Healthy spacing between pregnancies is important; here’s all you need to know about postpartum contraception

A woman’s body undergoes several changes — especially, before, during, and after pregnancy, something which also affects their sex life. As such, to give their bodies enough time to heal after delivery, many women fear an unplanned pregnancy during the postpartum period. In such cases, postpartum contraception — methods that help prevent closely-spaced pregnancies in the first year after giving birth — plays a huge role.

If you are keen to know more about it, we’ve got you covered. But before understanding postpartum contraception, let’s first learn how ovulation works after delivery, and what experts suggest to be the ideal period between two pregnancies.

Quoting research, Dr Shalini Vijay, Senior Consultant Obstetrician & Gynaecologist, Motherhood Hospitals, Lullanagar suggested delaying trying for another pregnancy “for 18 to 24 months, but no longer than five years, after giving birth to a live baby to lower the risk of complications during pregnancy and other health issues.” She added that women over 35 may think about delaying getting pregnant again for “12 months while balancing infertility worries.”

Some research also suggests that closely-spaced pregnancies might not give a mother enough time to recover from pregnancy before moving on to the next. For instance, pregnancy and breastfeeding can reduce the store of nutrients, especially folate, in a woman’s body. Also, inflammation of the genital tract, which develops during pregnancy and does not heal before the next one, can also affect the health of the baby.

Adding to this, Dr Vijay said, “Couples who have experienced a miscarriage are exempt from the dangers and suggestions. It’s not necessary to delay getting pregnant after a miscarriage if you’re in good health and feel ready.”

When does ovulation occur after delivery?

The formation of the eggs starts as early as 45 days after delivery, but can also get postponed up to 12 months, depending on how much the new mother is breastfeeding. If the child is totally dependent on the mother’s lactating supply, then ovulation can get delayed by nine to 12 months. Research finds that only 2 per cent of women have unwanted pregnancies during the postpartum period.

According to the gynaecologist, “In the first year following childbirth, postpartum contraception (PPC) is used to avoid unintended and closely spaced pregnancies. Post-partum contraception use has a notable impact on reducing unintended births and enhancing maternal health.”

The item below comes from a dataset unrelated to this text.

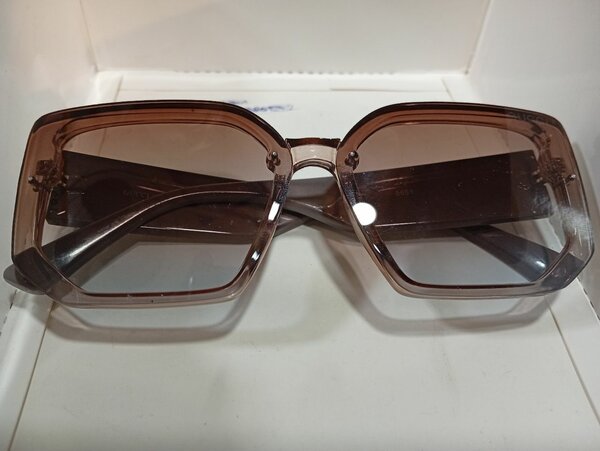 Women sun glasses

Different methods of postpartum contraception include:

*Traditional birth control pills contain a mixture of the hormones oestrogen and progestin, which may lead to reduced milk supply in some women. Mostly, oestrogen is the root cause of this. Thus, an oral contraceptive — known as the mini pill which contains only progestin — is considered safer for breastfeeding mothers. You can start taking it between six to eight weeks after delivery.

*Intrauterine devices (IUD) are more than 99 per cent effective than most birth control options. Most doctors wait until six weeks after delivery, otherwise the IUD may get dislodges and increase risk of infection.

*The DMPA contraceptive injection, also known as the “shot,” is offered to women postpartum. The shot works by releasing the hormone DMPA, a progestin, which suppresses ovulation and thickens the cervical mucous that keeps the sperm from fertilising an egg. It needs to be administered once every 12 weeks to be effective. However, the side-effects may include some amount of weight gain, headaches, acne, lack of sexual interest and mood changes.

Concluding, Dr Vijay said, “Each method of reproductive control has benefits and drawbacks. Sexually active individuals who want to prevent pregnancy should be informed of their birth control options. To help prevent pregnancy, a variety of contraceptive methods are offered,” stressing that refraining from intercourse is the only surefire way to prevent getting pregnant.